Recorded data

• • • • • • •

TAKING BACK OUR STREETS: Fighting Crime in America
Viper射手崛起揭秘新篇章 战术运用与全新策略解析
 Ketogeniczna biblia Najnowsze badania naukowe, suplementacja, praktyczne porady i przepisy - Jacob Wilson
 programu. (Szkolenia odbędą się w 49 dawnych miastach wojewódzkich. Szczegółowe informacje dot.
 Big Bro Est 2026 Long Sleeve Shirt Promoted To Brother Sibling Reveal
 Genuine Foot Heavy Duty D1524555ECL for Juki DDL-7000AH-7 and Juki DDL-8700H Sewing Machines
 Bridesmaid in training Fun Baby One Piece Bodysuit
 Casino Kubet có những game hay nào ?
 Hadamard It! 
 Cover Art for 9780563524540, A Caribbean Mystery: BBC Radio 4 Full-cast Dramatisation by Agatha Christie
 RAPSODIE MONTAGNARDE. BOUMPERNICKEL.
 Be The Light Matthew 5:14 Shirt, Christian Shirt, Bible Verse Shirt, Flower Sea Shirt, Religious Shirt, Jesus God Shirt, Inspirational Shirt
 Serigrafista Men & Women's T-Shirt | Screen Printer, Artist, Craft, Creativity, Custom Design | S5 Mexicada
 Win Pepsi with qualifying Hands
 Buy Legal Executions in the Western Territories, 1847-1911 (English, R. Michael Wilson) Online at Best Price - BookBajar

• • • • • • •

■ **Exercise**
If a line in the records contains the string "Shirt", copy it out.

■ **Exercise output**
 Big Bro Est 2026 Long Sleeve Shirt Promoted To Brother Sibling Reveal
 Be The Light Matthew 5:14 Shirt, Christian Shirt, Bible Verse Shirt, Flower Sea Shirt, Religious Shirt, Jesus God Shirt, Inspirational Shirt
 Serigrafista Men & Women's T-Shirt | Screen Printer, Artist, Craft, Creativity, Custom Design | S5 Mexicada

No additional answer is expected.